-------- Data block
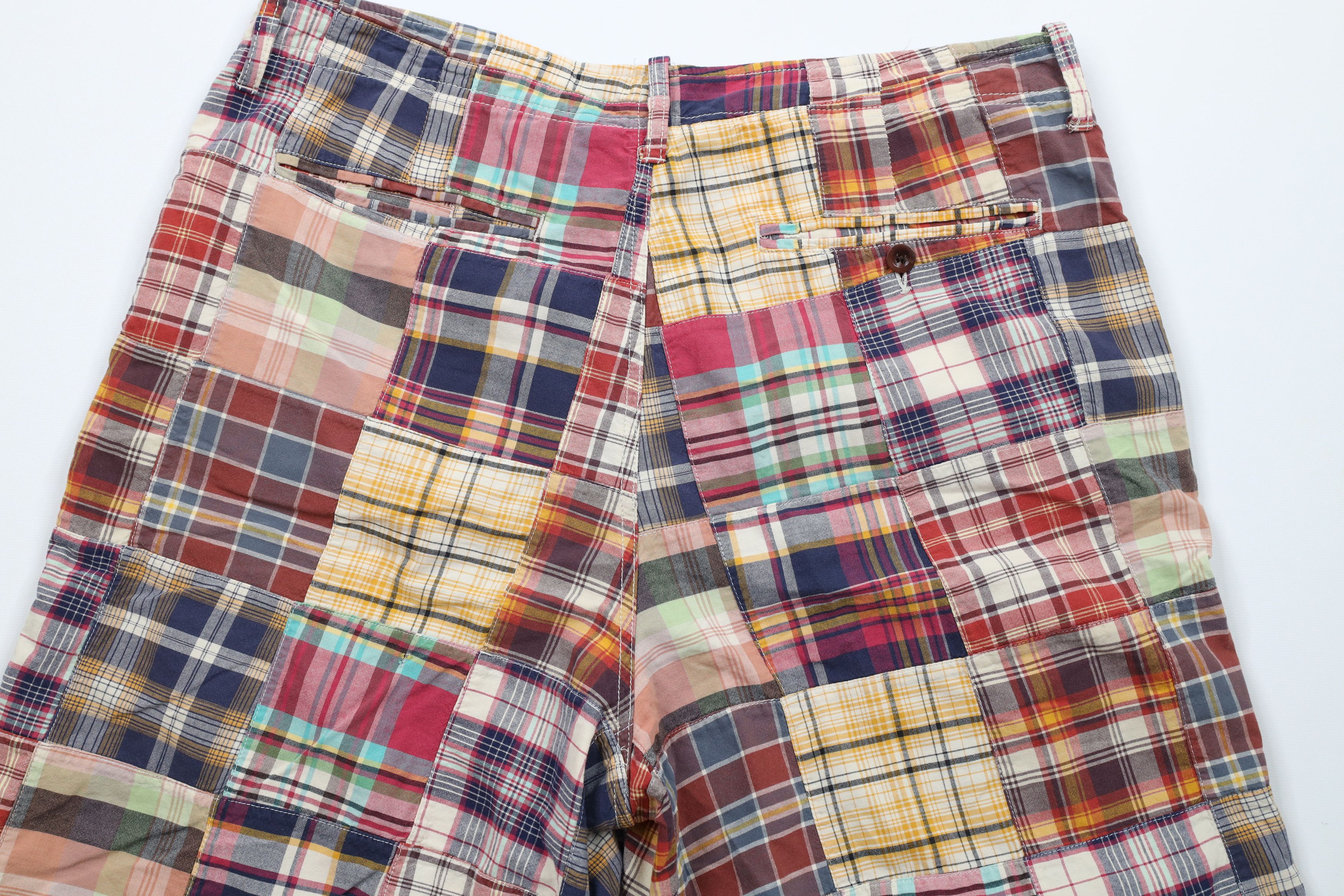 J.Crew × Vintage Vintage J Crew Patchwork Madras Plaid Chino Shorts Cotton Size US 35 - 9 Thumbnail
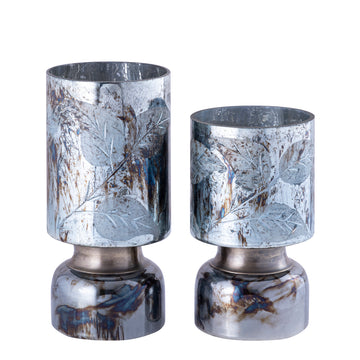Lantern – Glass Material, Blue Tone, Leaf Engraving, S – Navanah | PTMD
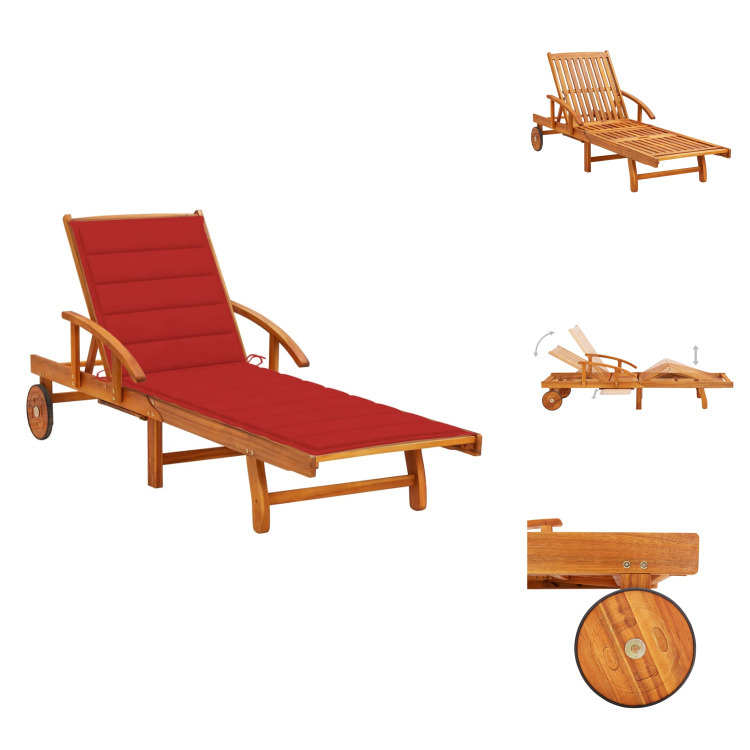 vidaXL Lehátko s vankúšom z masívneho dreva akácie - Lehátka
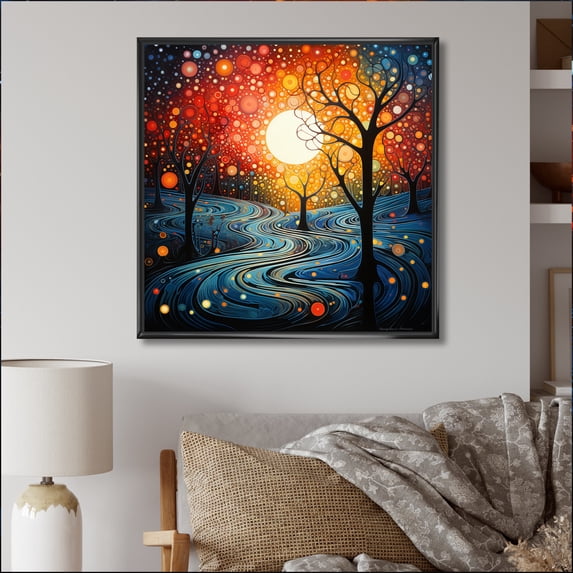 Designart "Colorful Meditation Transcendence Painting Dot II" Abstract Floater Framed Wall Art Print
----------------
Copy out the lines above in full and unaltered, apart from the pictures.

• [Task response]:
 J.Crew × Vintage Vintage J Crew Patchwork Madras Plaid Chino Shorts Cotton Size US 35 - 9 Thumbnail
Lantern – Glass Material, Blue Tone, Leaf Engraving, S – Navanah | PTMD
 vidaXL Lehátko s vankúšom z masívneho dreva akácie - Lehátka
 Designart "Colorful Meditation Transcendence Painting Dot II" Abstract Floater Framed Wall Art Print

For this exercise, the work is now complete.